Leading During the Pandemic

If there are any lessons we have learned during this pandemic, it is how empathy, strong relationships and a "can-do" attitude can allay concerns and calm anxieties.  Effective leaders, though, do more than help others feel better.  They learn, make decisions, instill hope, and grow personal agency into a collective force. 

Five practices, adapted for the context facing our districts and schools, can serve as reminders:

  • Consider your team - For working on this pandemic, team size and members may be different from those called on in the past.  Members should know the "pulse" of the district/school, how to best gather information, make timely decisions, craft messages, anticipate rough patches, serve as ambassadors to key groups, and not be afraid to tell you both good and bad news.  When leaders forge ahead (with little input), they travel a lonely road with missteps likely.  When leaders hesitate too long in making decisions, resentment, confusion and loss of trust follows. Find the "sweet spot" for next steps and needed adjustments. 

  • Be visible, communicate, and message the right tone - Develop 2-3 overarching messages that become your "signature words" for all stakeholders (families, students, staff, community, etc.). Adapt for particular groups and remember to include support staff (cafeteria workers, custodians, bus drivers, etc.).  Set a regular schedule for listeners to tune in "live" or later and include positive stories to show how the district/school is moving forward. Listen to worries and concerns that bubble up.  Use local cable, radio, social and print media outlets to talk often with the community.     

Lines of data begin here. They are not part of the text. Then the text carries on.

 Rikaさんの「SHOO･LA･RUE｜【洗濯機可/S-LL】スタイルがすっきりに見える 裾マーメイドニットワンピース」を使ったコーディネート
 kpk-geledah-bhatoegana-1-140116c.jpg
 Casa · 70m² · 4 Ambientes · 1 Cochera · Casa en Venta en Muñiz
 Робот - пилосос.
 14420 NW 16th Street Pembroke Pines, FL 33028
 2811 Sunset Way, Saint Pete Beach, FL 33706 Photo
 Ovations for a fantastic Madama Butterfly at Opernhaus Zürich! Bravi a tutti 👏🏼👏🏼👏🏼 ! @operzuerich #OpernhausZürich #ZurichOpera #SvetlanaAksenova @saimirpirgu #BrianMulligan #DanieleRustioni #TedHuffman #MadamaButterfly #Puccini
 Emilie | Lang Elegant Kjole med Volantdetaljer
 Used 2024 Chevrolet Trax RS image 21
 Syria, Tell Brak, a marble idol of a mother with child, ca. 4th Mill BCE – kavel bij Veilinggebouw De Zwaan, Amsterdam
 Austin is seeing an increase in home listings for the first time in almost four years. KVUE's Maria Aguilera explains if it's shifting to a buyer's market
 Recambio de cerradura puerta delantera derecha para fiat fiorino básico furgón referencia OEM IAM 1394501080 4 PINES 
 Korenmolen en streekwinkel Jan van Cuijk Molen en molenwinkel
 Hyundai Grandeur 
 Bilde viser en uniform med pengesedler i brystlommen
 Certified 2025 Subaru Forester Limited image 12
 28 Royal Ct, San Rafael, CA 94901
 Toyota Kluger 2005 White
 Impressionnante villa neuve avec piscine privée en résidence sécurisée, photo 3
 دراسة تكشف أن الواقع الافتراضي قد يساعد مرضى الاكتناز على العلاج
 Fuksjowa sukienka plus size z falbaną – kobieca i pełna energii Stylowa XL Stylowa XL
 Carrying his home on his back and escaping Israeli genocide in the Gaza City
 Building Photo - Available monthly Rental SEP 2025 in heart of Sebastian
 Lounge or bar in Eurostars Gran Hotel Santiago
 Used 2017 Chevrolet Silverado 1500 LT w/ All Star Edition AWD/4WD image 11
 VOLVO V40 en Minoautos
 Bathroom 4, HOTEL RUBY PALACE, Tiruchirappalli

  • Divide the year into manageable chunks with checkpoints - Much of the stress of this pandemic emanates from no foreseeable end in sight.  Break down the journey into calendar zones to share updates. Be ready to pivot from the course and explain why. Admit mistakes and share the rationale for changes. Most people will accept and support their leaders when they are told "up front" what will take place and why.  Clarity adds to credibility.

  • Build on teachers' working together to tackle content and delivery - Expect vertical team meetings (between grades) to decide how to scaffold grade-level work for priority learning standards. Group teachers strategically for navigating technology and planning for inevitable school interruptions. Talk with families what in-person, remote-synchronous, remote-asynchronous, and hybrid learning models will look like for their children.  Have staff, who can serve as engagement trackers, devise interventions once it is known why students may have fallen off the radar or are sporadically seen.  Communicate (as the school/district leader) how you plan to show up "in classrooms" to see how kids are learning in this new normal. 

  • Know all trust is local - Things will continue to change. Everyone looks to their leader to help them get through this.  As daunting as it seems, the leader who stays the course, sustains optimism, and validates efforts, will develop resilience in those they lead and serve as a tremendous force for good. 

This pandemic will end, and people will look back at what leaders did during these unfathomable times. Many will not remember the details of a district or school plan nor the daily problems you solved to make it all work.  They will remember how you listened, talked, answered questions, cheered them on, and, called up the competence and confidence they never thought they had to become better for the kids in front of them.